Data records —
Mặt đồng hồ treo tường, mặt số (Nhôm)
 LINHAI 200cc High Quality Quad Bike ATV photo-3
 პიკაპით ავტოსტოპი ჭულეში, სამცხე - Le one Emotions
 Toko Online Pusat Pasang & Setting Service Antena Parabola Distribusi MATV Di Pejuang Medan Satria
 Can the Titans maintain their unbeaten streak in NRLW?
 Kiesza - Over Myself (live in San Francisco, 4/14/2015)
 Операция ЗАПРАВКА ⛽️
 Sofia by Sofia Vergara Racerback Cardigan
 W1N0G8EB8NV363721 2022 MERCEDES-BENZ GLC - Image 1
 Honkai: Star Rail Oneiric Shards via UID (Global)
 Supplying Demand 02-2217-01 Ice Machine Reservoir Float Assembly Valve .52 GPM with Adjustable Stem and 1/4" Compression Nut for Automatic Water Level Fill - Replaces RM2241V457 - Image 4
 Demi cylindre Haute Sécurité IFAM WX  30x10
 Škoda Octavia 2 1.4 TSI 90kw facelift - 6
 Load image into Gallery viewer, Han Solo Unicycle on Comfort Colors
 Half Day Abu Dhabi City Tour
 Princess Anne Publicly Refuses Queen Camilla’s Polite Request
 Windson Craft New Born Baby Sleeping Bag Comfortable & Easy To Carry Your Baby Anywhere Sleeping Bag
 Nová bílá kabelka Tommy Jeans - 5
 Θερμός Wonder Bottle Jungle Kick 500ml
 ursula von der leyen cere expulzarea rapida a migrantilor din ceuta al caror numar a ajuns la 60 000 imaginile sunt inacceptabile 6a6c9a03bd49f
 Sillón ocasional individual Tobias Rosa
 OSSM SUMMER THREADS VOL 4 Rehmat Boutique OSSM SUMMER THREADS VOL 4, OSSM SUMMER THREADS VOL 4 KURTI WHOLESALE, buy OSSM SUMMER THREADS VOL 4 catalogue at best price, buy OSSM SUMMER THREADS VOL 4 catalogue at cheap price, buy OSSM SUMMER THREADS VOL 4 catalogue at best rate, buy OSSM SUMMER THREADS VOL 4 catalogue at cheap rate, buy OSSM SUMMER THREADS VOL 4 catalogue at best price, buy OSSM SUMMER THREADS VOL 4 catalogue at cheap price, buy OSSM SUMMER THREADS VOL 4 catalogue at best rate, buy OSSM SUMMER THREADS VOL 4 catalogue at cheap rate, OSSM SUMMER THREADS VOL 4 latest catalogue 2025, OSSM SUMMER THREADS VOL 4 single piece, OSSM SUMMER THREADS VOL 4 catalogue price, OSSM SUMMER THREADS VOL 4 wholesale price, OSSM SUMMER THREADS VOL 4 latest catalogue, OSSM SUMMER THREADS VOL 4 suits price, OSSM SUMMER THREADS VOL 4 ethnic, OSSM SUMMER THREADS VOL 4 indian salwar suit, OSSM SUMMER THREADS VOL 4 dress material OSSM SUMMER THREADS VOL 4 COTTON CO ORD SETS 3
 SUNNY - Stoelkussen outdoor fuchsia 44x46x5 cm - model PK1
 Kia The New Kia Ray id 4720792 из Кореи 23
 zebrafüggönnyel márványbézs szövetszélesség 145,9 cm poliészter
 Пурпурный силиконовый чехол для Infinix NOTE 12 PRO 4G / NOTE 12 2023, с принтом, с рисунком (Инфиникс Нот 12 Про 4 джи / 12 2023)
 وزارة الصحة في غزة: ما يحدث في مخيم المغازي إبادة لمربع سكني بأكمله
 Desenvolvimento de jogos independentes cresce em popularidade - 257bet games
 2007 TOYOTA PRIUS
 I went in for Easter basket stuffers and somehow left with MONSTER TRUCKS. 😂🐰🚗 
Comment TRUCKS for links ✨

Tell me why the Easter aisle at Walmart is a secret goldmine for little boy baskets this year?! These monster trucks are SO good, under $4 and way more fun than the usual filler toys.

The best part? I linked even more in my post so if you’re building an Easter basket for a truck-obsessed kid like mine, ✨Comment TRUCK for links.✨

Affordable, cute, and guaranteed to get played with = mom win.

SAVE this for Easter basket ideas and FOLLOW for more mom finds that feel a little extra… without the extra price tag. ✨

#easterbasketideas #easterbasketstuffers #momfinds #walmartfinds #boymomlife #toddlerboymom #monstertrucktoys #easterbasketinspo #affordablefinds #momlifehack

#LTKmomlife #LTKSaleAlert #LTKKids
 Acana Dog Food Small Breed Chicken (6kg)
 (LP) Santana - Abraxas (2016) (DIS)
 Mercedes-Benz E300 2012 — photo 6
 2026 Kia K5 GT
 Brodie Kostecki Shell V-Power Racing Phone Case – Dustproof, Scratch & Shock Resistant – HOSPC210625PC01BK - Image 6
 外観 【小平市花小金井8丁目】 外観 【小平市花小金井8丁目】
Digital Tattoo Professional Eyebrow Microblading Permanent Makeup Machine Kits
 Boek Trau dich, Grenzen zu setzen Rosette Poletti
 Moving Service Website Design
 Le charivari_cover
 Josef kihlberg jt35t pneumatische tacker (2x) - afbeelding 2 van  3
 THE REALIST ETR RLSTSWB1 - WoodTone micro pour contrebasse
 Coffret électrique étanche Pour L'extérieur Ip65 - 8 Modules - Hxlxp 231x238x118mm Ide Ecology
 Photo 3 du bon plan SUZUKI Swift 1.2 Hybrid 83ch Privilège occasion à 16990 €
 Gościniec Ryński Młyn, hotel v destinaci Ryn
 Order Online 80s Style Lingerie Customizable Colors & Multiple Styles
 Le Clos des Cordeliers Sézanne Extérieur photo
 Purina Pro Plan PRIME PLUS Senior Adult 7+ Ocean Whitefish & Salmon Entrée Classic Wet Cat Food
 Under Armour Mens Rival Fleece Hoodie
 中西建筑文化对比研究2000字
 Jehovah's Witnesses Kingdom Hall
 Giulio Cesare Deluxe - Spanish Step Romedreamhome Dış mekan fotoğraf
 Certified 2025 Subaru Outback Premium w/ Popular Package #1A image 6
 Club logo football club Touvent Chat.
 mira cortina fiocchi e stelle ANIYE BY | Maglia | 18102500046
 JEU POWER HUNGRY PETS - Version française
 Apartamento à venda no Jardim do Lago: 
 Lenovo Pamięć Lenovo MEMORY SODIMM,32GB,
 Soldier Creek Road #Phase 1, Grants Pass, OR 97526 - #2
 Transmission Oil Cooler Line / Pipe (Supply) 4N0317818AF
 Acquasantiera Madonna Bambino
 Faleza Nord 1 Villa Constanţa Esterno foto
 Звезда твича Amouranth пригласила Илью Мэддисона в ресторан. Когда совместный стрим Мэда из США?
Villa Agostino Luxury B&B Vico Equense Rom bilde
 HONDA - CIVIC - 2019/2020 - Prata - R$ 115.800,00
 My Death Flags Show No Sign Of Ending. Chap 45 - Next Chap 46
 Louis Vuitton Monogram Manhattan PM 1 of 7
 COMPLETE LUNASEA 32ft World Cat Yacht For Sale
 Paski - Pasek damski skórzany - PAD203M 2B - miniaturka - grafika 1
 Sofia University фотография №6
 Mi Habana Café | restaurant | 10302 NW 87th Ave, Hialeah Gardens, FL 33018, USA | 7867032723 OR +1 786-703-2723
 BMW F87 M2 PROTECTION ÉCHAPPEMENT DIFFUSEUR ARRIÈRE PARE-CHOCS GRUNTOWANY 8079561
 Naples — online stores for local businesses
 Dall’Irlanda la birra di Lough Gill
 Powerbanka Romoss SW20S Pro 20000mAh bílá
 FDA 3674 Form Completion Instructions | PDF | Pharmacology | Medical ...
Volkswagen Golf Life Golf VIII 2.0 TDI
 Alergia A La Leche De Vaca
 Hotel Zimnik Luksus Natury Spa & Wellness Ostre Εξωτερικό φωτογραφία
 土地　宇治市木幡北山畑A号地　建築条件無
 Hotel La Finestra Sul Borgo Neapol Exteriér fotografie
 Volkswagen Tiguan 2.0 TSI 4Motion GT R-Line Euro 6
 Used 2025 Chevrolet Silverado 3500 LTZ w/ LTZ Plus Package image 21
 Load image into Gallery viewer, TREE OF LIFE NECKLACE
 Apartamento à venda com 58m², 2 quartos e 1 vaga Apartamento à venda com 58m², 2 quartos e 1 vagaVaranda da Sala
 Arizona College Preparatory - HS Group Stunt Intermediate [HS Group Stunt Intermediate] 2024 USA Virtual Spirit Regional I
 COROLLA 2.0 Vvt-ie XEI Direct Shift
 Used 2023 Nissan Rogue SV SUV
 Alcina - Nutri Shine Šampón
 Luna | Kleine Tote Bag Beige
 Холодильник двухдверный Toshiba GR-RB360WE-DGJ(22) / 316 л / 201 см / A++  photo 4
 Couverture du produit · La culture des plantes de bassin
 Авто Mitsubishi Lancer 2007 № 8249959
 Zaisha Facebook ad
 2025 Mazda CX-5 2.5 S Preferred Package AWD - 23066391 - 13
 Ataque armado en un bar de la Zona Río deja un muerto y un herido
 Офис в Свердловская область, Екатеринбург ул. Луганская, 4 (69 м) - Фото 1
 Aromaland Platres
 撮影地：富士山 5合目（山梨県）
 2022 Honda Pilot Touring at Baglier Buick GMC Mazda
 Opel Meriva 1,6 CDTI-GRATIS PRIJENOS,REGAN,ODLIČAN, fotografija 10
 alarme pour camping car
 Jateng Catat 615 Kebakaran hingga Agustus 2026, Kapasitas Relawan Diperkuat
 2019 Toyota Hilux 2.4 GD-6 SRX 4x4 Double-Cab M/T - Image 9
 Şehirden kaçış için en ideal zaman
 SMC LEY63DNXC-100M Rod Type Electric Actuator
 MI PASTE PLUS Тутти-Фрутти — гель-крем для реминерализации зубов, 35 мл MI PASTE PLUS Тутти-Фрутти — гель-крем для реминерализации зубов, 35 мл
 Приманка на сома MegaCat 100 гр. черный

Work instructions — Output exactly the span of lines beginning at the first line of the records and ending at the line that holds "Princess Anne Publicly", inclusive, with no other text.

Result of this exercise —
Mặt đồng hồ treo tường, mặt số (Nhôm)
 LINHAI 200cc High Quality Quad Bike ATV photo-3
 პიკაპით ავტოსტოპი ჭულეში, სამცხე - Le one Emotions
 Toko Online Pusat Pasang & Setting Service Antena Parabola Distribusi MATV Di Pejuang Medan Satria
 Can the Titans maintain their unbeaten streak in NRLW?
 Kiesza - Over Myself (live in San Francisco, 4/14/2015)
 Операция ЗАПРАВКА ⛽️
 Sofia by Sofia Vergara Racerback Cardigan
 W1N0G8EB8NV363721 2022 MERCEDES-BENZ GLC - Image 1
 Honkai: Star Rail Oneiric Shards via UID (Global)
 Supplying Demand 02-2217-01 Ice Machine Reservoir Float Assembly Valve .52 GPM with Adjustable Stem and 1/4" Compression Nut for Automatic Water Level Fill - Replaces RM2241V457 - Image 4
 Demi cylindre Haute Sécurité IFAM WX  30x10
 Škoda Octavia 2 1.4 TSI 90kw facelift - 6
 Load image into Gallery viewer, Han Solo Unicycle on Comfort Colors
 Half Day Abu Dhabi City Tour
 Princess Anne Publicly Refuses Queen Camilla’s Polite Request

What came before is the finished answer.